Жалость проникает в меня, сдавливает что-то внутри - но я вырываю её с корнем. Чувства всегда исчезают, когда логика и убеждение выходят на первый план. И всё-таки, это так на меня не похоже, ведь больше всего я не люблю именно логиков и убежденных фанатиков.

Саша даёт мне пощечину и исчезает в водовороте улиц. Я остаюсь один. И это - то чего я хотел?

То.

Напиваюсь. Перепив, бегу на кухню - тошнота как любовь приходит, когда её совсем не ждешь. Стою над раковиной долго - от многочисленных усилий краснеют глаза, волосы склеиваются от пота и, наконец, награда. В раковине оседает выблеванная совесть.

6

Пришёл по заданию в паспортный стол. Уходя, забыл тетрадь, и на выходе меня окрикнули «Гражданин журналист!». На секунду я оторопел. Гра-жда-нин - какое неправильное, казённое слово. Я не гражданин, я - человек. Че-ло-век.

Гражданин - это ячейка, человек - это целое с множеством ячеек. Надо сразу решить кто ты в первую очередь - гражданин или человек. Не совместимость этих двух слов неожиданно поражает меня. Судорожно беру тетрадь - меня провожают взглядом полного недоумения.

Выйдя из здания, прихожу в себя. Возмущаюсь внутренней казуистике, плюю себе на ботинки. Гражданин или человек - всё одно - когда ты ни то и ни другое.

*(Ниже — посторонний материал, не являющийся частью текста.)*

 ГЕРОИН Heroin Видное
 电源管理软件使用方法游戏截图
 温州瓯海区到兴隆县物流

В последнее время, замечаю в себе какие-то почти гуманистические черты - думаю о человеке, как о разумном животном, а не как об обезьяне с более развитым IQ. Тем не менее слово «быдло» в отношении граждан моей страны - меня совсем не задевает - не испытываю ни капли возмущения, хотя и соглашаюсь с этим только в минуты душевной слабости. Слово же «элита» сказанное в отношении кого бы то ни было, мне претит в любых состояниях.

Дома, листая книгу по историю философии - удивляюсь тому, что она так поздно зародилась в этой стране. Хотя почва для философствования здесь на поистине немецком уровне.

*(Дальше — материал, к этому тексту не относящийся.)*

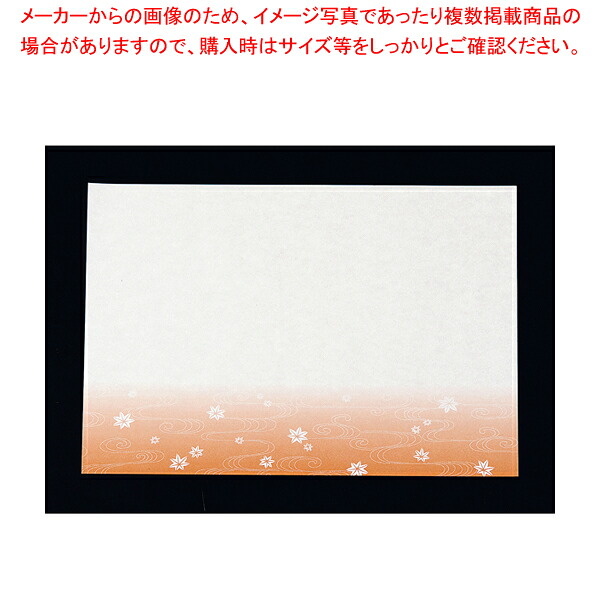 【まとめ買い10個セット品】尺三まっと華かすみ(100枚入) もみじ SAK-09【料理演出用品 装飾用品 和食 懐石 業務用】【メイチョー】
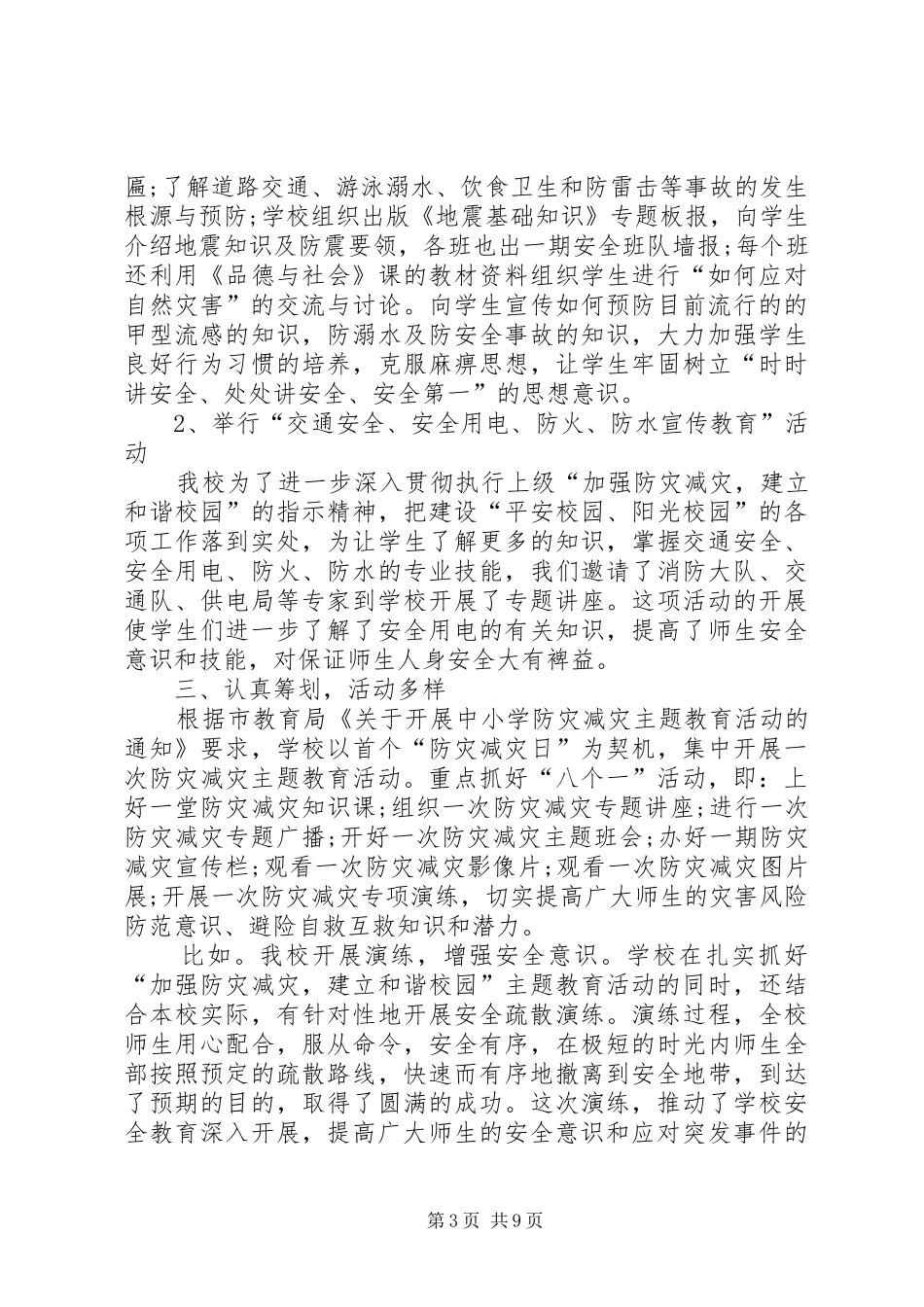 20XX年防灾减灾救灾工作总结优秀_第3页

Снова задаюсь вопросом. Если законы этой страны - безобразны, то любое преступление оправдано? Не становится ли преступление, направленное против этих законов - священным долгом? Как там, у древних - «et pia arma ibi nulla nisi in armis spes est», то оружие священно, с помощью которого, мир становится лучше. Думаю об этом серьёзно, без шуток, хотя это и попахивает революционными причитаниями. Думаю об этом уже не в первый раз, хотя прекрасно знаю, что зло, как таковое, зла не делает - убийства, насилие, террор чаще совершаются из добрых до той или иной степени бескорыстных побуждений. Как и у меня.

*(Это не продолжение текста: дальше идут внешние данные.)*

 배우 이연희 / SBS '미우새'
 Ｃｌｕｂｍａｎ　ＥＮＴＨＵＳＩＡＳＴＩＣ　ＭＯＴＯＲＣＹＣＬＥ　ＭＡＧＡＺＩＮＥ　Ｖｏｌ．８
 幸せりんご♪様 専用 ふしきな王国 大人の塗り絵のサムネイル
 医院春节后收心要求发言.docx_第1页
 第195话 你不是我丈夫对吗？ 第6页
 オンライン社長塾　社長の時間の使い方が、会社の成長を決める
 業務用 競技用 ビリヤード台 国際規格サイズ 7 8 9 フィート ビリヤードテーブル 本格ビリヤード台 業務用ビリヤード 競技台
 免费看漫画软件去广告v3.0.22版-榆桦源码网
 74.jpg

От последней фразы плюю себе на носки.

По телефону Саша говорит, что умрёт без меня. Стараюсь держаться беспристрастным, играть роль придуманную ранее, не выдерживаю, жалость всё-таки находит лазейку и пробивается. Извиняюсь несколько раз - но не более того. Вновь беру себя в руки. Зная, что Саше нельзя волноваться, пытаюсь её успокоить - говорю какой-то полурифмованный бред о том, как нужно себя вести в таких ситуациях, на что лучше отвлечься, как забыться. Мои советы были бы дельными, если бы произносил их не я. Она снова плачет и бросает трубку.

Мужской и женский гендер слишком разношерстен. Нельзя приравнивать мужские и женские чувства фразами наподобие: «Я тоже переживал подобное, и ты переживешь» и так далее. Постоянно делаю это в разговоре с Сашей. Не хочу, но снова забываюсь и говорю то, что не следует говорить.

Придя с работы - засыпаю как ребенок. Я не устал. Просто сил у меня больше нет. Бумаги разлетаются пьяным вихрем, когда я падаю на одну из стопок. Звук рвущихся страниц - и ни какого сочувствия. Ни в чем неповинные листы.

Дыхание вечности на запотевшем стекле - голубая мечта недолгоживцев. Жизнь - это не остросюжетный фильм. Жизнь - «Война и мир» в 30-40 томах без военных драм, масонских лож и больших любовных перипетий. А в конце маленькой эпопеи - в лучшем случае - неуклюжие объятия постаревшей Наташи Ростовой, в худшем - слабость и ничтожество окосевшего от вина Безухова.

Саша решает поставить фатальную точку, хотя в её глазах так и светится - многоточие. Я хочу спать, хоть и делаю вид что слушаю, а параллельно нервно дергаю пуговицу на рукаве. Пуговица чёрная, уже едва держится - она на грани срыва и её нужно скорее зашивать. Я тоже на грани срыва, но если я «зашьюсь», то сдохну от излишне трёхмерной действительности. Действительность не должна существовать запоями - ей нужно давать встряску - забвением, смехом, хотя бы крепким сном.